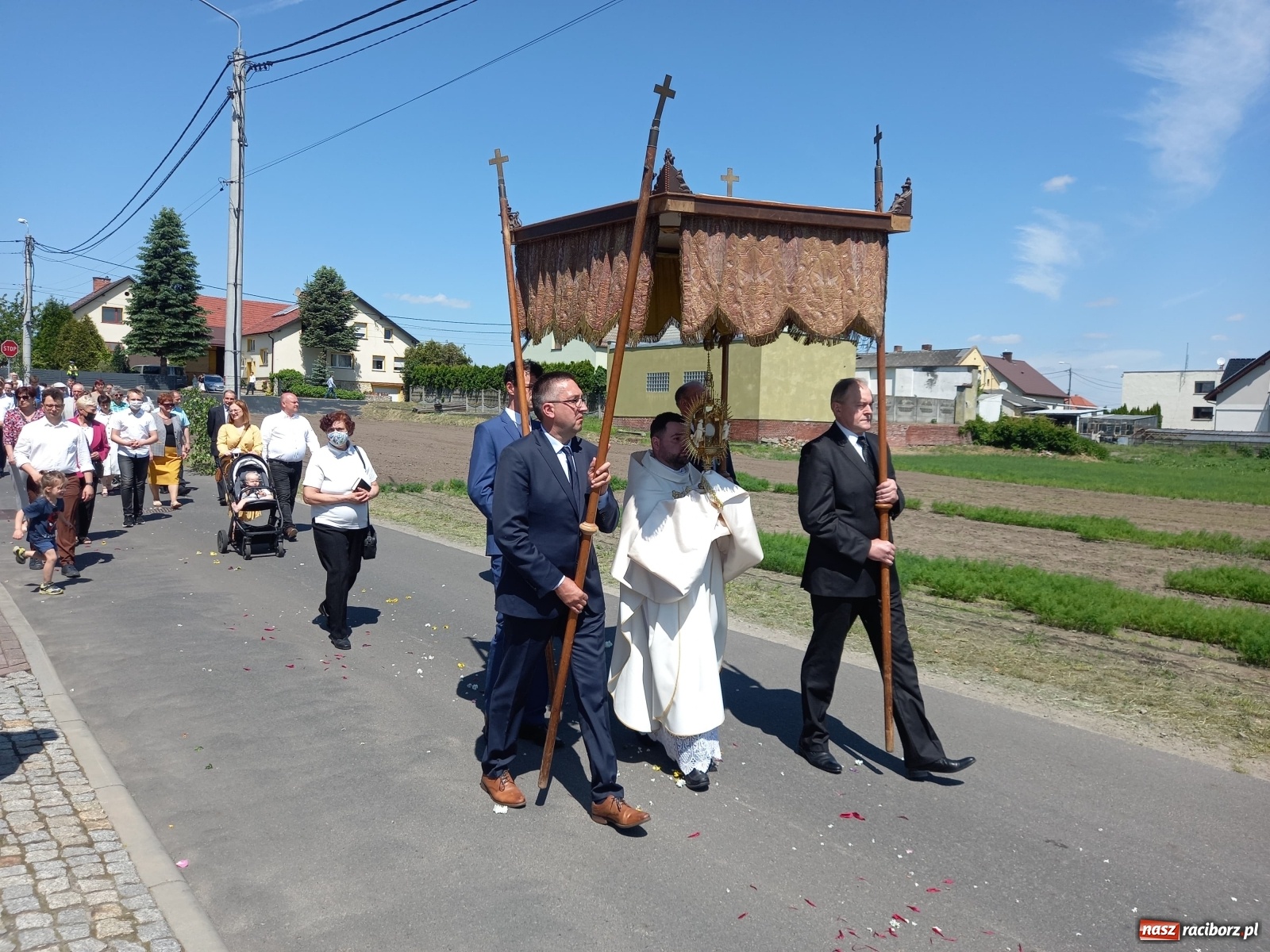 Zdjęcie w galerii na portalu naszraciborz.pl: Raciborskie procesje Bożego Ciała 2021 wiadomości z regionu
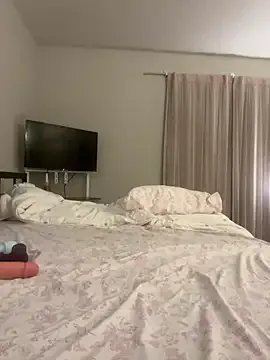 Yourgoodslut from StripChat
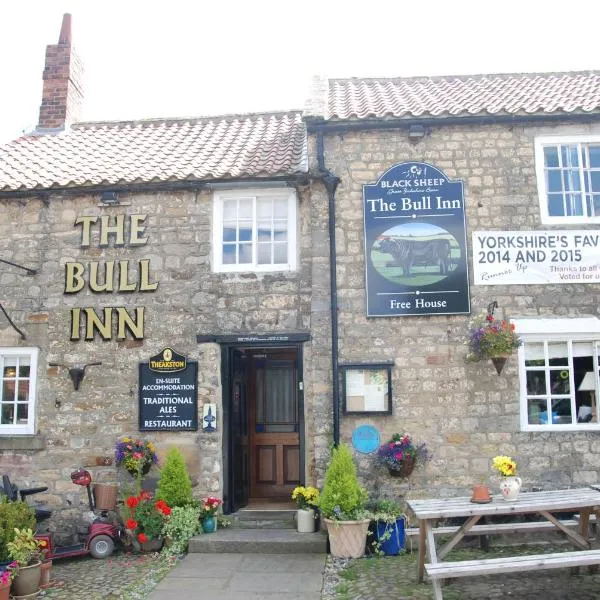 The Bull Inn West Tanfield, hotel en Fearby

——————————

* [Work to complete]: Where a picture appears in the material above, skip it, and print the rest exactly.

* [Exercise answer]:
 Zdjęcie w galerii na portalu naszraciborz.pl: Raciborskie procesje Bożego Ciała 2021 wiadomości z regionu
 Yourgoodslut from StripChat
 The Bull Inn West Tanfield, hotel en Fearby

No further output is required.